Doing anything vital tonight? Since the season hasn’t started, of course the answer is no. So assuming none of the rest of your life is calling, why not check out the WBC final on MLB Network?
I’ve been watching the tournament off and on this spring despite not trusting it during its first incarnation and deploring it during its second. They’ve had only two until now, which is what makes the occasional reference to “this is the first time Team Whichever has done this or that in the World Baseball Classic!” seem rather lacking in perspective. Christy Mathewson set records during the 1905 World Series that still stand, but they weren’t impressive because they had never been done in any World Series previously — it was only the second World Series.

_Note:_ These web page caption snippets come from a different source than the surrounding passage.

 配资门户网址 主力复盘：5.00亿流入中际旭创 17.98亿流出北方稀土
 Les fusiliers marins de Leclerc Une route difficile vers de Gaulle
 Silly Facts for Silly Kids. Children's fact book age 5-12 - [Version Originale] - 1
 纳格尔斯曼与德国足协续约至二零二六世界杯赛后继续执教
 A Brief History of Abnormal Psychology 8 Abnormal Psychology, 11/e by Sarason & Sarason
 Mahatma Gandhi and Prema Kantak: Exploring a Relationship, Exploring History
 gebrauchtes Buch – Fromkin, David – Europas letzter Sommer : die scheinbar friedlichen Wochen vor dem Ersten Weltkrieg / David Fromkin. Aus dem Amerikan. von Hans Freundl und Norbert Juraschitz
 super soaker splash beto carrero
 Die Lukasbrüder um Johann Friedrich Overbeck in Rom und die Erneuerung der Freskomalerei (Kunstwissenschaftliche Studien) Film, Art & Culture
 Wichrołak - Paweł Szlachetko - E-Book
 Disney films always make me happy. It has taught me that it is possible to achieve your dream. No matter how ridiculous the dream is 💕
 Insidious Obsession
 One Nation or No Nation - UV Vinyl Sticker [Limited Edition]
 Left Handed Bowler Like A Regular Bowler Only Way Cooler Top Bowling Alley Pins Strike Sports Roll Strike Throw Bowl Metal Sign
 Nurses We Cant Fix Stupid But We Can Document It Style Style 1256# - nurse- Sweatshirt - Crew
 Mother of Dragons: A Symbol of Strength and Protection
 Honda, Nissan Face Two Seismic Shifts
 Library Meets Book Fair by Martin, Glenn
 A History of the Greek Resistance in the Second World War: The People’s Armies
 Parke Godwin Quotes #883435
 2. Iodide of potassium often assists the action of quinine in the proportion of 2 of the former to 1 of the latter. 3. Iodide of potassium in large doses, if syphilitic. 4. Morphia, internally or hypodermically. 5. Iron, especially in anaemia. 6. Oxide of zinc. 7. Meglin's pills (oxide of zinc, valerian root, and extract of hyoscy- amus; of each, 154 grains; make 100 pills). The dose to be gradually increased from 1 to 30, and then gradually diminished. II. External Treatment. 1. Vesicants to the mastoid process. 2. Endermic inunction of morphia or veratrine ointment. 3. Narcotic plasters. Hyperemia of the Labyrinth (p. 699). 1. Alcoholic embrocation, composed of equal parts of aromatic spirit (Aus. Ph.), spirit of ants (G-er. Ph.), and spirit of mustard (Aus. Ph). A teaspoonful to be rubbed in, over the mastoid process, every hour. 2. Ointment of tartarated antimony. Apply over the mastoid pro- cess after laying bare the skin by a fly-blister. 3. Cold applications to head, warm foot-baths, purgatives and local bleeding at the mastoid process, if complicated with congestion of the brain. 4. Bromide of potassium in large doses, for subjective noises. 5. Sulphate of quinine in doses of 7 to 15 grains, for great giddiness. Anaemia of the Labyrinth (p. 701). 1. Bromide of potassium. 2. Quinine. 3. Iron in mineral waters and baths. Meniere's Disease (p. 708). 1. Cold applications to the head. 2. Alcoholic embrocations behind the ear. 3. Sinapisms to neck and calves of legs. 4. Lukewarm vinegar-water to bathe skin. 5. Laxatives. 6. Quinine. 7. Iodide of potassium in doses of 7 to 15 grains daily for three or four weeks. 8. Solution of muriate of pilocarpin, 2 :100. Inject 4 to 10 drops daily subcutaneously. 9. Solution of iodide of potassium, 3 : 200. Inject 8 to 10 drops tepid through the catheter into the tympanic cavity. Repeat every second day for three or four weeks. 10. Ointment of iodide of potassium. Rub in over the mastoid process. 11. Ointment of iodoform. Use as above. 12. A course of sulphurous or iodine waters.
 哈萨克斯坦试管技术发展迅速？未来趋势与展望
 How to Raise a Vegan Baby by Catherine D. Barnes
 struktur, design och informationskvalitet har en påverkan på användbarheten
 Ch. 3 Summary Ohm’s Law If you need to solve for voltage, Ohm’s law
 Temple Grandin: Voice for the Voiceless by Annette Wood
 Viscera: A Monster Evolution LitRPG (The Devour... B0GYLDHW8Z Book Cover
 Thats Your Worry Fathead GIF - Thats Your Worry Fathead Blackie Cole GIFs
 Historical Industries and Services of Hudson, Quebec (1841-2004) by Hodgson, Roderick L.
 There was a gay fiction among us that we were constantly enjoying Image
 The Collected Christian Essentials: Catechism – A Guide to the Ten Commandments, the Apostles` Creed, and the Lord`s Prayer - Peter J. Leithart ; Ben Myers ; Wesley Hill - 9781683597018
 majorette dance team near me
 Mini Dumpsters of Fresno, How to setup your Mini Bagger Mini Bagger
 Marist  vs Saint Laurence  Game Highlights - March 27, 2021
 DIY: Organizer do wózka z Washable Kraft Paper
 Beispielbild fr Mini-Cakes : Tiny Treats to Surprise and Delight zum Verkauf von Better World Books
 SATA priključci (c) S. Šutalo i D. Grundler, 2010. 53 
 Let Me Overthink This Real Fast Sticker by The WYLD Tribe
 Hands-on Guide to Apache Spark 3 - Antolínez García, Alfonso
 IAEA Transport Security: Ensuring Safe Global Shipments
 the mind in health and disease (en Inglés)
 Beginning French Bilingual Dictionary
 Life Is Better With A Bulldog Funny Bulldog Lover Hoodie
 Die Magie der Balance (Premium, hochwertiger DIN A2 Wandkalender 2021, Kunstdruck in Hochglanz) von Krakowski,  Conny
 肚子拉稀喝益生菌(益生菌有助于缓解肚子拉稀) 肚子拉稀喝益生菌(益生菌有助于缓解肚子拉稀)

The baseball’s not the problem with the WBC. The WBC never losing its self-consciousness is the problem. You can’t tune in a game without hearing the WBC’s mouthpieces tell you how the WBC is really coming along. It’s the Watched Pot Classic. The baseball is real enough, give or take a couple of weird rules instituted because it’s March (like with pitch counts), but the continual in-game hyping of the brand, the product and the merchandise harks back to nothing less than the made-for-TV XFL. That was the one-year football league from 2001 in which the whole point was convincing you that what you were watching was incredibly fantastic, not simply better than nothing. Perhaps the common denominator is the mind-numbing presence of voice-activated mannequin Matt Vasgersian as lead announcer. He’s Fran Healy, except without as much talent, wit or insight.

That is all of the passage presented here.